Requirement
Starting with the line that contains "The Pitch - Darwin Holiday 1", reproduce each line through the end of the entries exactly as written.

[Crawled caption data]
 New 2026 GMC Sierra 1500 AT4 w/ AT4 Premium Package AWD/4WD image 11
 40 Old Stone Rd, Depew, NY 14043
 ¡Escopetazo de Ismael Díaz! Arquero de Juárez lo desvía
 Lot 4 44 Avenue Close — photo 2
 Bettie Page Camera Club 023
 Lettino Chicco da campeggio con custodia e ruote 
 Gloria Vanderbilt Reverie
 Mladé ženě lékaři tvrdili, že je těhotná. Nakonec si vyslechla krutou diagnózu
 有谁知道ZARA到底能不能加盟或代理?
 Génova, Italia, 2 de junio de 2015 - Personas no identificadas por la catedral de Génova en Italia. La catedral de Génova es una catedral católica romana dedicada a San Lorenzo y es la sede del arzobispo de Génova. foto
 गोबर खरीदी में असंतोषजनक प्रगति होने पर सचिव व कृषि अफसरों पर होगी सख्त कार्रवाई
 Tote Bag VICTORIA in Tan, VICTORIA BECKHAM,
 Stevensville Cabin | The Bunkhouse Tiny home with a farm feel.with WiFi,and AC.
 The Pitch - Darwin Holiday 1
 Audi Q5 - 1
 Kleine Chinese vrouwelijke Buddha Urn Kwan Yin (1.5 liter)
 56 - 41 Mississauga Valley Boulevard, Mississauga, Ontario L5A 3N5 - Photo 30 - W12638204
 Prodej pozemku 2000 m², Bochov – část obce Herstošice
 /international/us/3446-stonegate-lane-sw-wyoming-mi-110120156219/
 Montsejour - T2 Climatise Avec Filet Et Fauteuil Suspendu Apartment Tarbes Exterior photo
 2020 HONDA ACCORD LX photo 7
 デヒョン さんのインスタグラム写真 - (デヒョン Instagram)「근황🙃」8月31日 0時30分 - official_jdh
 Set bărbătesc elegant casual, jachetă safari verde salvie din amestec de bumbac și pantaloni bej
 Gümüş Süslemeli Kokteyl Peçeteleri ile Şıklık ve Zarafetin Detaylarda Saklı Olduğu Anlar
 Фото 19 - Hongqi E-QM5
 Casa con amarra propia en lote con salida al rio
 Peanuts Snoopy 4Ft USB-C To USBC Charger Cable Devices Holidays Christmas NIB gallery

Solution
 The Pitch - Darwin Holiday 1
 Audi Q5 - 1
 Kleine Chinese vrouwelijke Buddha Urn Kwan Yin (1.5 liter)
 56 - 41 Mississauga Valley Boulevard, Mississauga, Ontario L5A 3N5 - Photo 30 - W12638204
 Prodej pozemku 2000 m², Bochov – část obce Herstošice
 /international/us/3446-stonegate-lane-sw-wyoming-mi-110120156219/
 Montsejour - T2 Climatise Avec Filet Et Fauteuil Suspendu Apartment Tarbes Exterior photo
 2020 HONDA ACCORD LX photo 7
 デヒョン さんのインスタグラム写真 - (デヒョン Instagram)「근황🙃」8月31日 0時30分 - official_jdh
 Set bărbătesc elegant casual, jachetă safari verde salvie din amestec de bumbac și pantaloni bej
 Gümüş Süslemeli Kokteyl Peçeteleri ile Şıklık ve Zarafetin Detaylarda Saklı Olduğu Anlar
 Фото 19 - Hongqi E-QM5
 Casa con amarra propia en lote con salida al rio
 Peanuts Snoopy 4Ft USB-C To USBC Charger Cable Devices Holidays Christmas NIB gallery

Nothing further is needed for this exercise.